Cohort Analysis

Cohort analysis breaks down data into groups which usually share common characteristics or actions within a defined time frame. Cohort analysis helps identify patterns in the life cycle of customers, adapt, and tailor the service to specific cohorts. A group of people who share a common characteristic or actions within a defined period form a cohort, represented by a row in the returned result set. The date range selected in the report will specify at which date the first cohort begins.

Cohort

The syntax for the cohort function is as follows:

SELECT cohort_name, cohort_id, cohort_size, bucket_id, {function} AS {alias}
FROM cooladata
WHERE {query conditions}
CLUSTER COHORT BY {n days|weeks|months|quarters|years | property_name} 
STARTS WITH {TRUE | event_name = "<event_name>"} [AND {conditions}] 
FOLLOWED BY [NOT] {TRUE | event_name = "<event_name>"} [AND {conditions}] 
BUCKET BY {n days|{[CALENDAR] weeks|months|quarters|years} 
FIRST | ALL | RECURRING 
HAVING  [cohort_id < n AND] bucket_id < n
GROUP BY cohort_name, cohort_id, cohort_size, bucket_id

SELECT

SELECT cohort_name, cohort_id, cohort_size, bucket_id, {function} AS {alias}

Mandatory fields in the SELECT clause:

  • cohort_name: a string describing the cohort:
    • For DAY & WEEK – the date (YYYY-MM-DD) of the first day in the cohort
    • For MONTH – the month (YYYY-MM) of the cohort
    • For Properties – the value of the property
  • cohort_id: the ordinal number of the cohort (starts with 0)
  • cohort_size: the number of users in the cohort
  • bucket_id: the ordinal number of the bucket (starts with 0)
  • Aggregate Function: can be the count of users in the bucket, the cohort size minus the count of users in the bucket (i.e. the rest of the users), or the sum/average/max/min/stddev of a measure (property).

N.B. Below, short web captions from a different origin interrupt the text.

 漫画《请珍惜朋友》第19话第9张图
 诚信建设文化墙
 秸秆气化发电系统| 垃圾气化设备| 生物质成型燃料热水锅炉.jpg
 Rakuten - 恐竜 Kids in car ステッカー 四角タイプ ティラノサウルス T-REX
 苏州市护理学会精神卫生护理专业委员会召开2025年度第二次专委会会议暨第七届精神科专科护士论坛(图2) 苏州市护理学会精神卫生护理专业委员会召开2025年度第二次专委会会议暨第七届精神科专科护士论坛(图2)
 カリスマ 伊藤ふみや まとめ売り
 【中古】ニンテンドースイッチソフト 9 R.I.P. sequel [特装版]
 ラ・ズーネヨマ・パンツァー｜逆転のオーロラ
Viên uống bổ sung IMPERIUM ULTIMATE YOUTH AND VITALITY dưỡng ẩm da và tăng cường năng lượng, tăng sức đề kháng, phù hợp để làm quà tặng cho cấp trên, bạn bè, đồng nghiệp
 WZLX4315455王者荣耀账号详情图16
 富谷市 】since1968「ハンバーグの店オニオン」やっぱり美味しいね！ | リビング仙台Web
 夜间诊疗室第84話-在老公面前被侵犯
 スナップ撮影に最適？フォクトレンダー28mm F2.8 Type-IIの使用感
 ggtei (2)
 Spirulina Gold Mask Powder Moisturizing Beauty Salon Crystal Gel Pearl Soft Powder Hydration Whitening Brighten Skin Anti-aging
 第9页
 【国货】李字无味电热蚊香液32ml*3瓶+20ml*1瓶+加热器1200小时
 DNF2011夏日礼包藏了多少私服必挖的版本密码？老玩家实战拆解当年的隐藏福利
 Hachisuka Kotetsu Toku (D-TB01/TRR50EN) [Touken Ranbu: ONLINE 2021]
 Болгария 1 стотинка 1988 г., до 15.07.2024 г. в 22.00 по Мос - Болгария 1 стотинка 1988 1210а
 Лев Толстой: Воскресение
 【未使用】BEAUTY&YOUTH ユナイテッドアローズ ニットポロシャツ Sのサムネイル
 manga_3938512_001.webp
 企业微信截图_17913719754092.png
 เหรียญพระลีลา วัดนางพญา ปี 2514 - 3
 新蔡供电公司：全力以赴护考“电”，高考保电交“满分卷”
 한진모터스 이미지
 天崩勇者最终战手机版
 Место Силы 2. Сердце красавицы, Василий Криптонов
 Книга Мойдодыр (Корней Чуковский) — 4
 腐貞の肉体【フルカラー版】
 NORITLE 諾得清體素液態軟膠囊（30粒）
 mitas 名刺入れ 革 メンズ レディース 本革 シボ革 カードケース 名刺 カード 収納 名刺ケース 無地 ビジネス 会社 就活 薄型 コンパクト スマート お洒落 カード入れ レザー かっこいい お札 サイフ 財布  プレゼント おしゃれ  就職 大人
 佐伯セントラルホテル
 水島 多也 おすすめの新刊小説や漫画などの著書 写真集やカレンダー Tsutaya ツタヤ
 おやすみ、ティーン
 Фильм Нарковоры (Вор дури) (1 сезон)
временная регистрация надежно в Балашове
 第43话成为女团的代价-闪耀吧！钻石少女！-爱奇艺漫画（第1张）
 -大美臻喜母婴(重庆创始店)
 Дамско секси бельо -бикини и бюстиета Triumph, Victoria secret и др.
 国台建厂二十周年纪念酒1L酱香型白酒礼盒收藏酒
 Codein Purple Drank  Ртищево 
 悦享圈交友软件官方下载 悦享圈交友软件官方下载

All arguments but the aggregate function must appear in the GROUP BY clause.

CLUSTER COHORT BY

CLUSTER COHORT BY {n days|weeks|months|quarters|years | property_name}

The grouping logic for each cohort. Can be defined by one of the following:

  • Time period defined by a number and a time resolution (days, weeks, months, quarters or years)
  • User scope properties

STARTS WITH

STARTS WITH  {TRUE | event_name = "<event_name>"} 

The first event performed:

  • event_name: performed a specific event
  • TRUE: performed any event

Any number of additional conditions for the event can be specified, i.e. where any of the event's properties have specific values, using "AND <condition>".

FOLLOWED BY

FOLLOWED BY [NOT] {TRUE | event_name = "<event_name>"}

The concurrent event performed:

  • event_name: performed a specific event
  • NOT event_name: did not perform a specific event
  • TRUE: performed any event

Note: to find the number of users who did nothing use the TRUE argument and, in the select clause, count the number of users left in the bucket – i.e.:

cohort_size - count(distinct customer_user_id, exact) AS count

Any number of additional conditions for the event can be specified, i.e. where any of the event's properties have specific values, using "AND <condition>".

BUCKET BY

BUCKET BY {n days|{[CALENDAR] weeks|months|quarters|years} 
FIRST | ALL | RECURRING 

The duration of each bucket and the rule by which to count users in each bucket:

  • FIRST: only counts the user once on the first occurrence of the event throughout his life cycle
  • ALL: the user is counted each time he performed the event
  • RECURRING:each cohort user is counted only if the user's activity occurred consecutively in each bucket throughout the duration of the cohort.

HAVING

HAVING  cohort_id < n AND bucket_id < n

Used to limit the number of buckets and cohorts in the query. When clustering cohorts by property, limiting cohort_id isn't necessary (will return all the property values, sorted by cohort size).

Example:

Which users bought something after registering?Users that registered within 7-day periods, and then paid for something, by months, showing only the first instance.This will show us on which month each user made his first payment.

SELECT cohort_name, cohort_id, cohort_size, bucket_id, COUNT(DISTINCT customer_user_id, exact) AS count
FROM cooladata
WHERE date_range(last 90 days)
CLUSTER COHORT BY 7 DAYS
   STARTS WITH event_name = "register"
   FOLLOWED BY event_name = "pay"
   BUCKET BY 30 DAYS FIRST
HAVING cohort_id < 5 AND  bucket_id < 5
GROUP BY cohort_name, cohort_id, cohort_size, bucket_id

Reverse Cohort

It is also possible to analyze a sequence of two events in the reverse order, i.e. what happened prior to a certain event.Replace "starts with… followed by…" with "ending with… preceded by…", as follows:

replace

STARTS WITH  {TRUE | event_name = "<event_name>"} 
FOLLOWED BY [NOT] {TRUE | event_name = "<event_name>"}

with

ENDING WITH  {TRUE | event_name = "<event_name>"} 
PRECEDED BY [NOT] {TRUE | event_name = "<event_name>"}

The rest of the query would still use the same syntax.

Export users

You can also generate a list of users and their properties using the cohort query.To do so, replace the SELECT clause with the user properties you wish to export and remove the GROUP BY clause.

replace

SELECT cohort_name, cohort_id, cohort_size, bucket_id, {function} AS {alias}

with

SELECT {user properties}

Example:

List of user ID's and emails who bought something within the first week after registration.Using the the same cohort query, select the user ID's and emails instead of the cohorts and buckets. To limit the list to the first week, limit the results to buckets 0 and 1.Note that only user scope properties can be exported (see more on property scopes here).

SELECT customer_user_id, user_email
FROM cooladata 
WHERE date_range(last 30 days)\
CLUSTER COHORT BY 7 DAYS 
   STARTS WITH event_name = "register" 
   FOLLOWED BY event_name = "pay" 
   BUCKET BY 7 DAYS ALL
HAVING (bucket_id<2)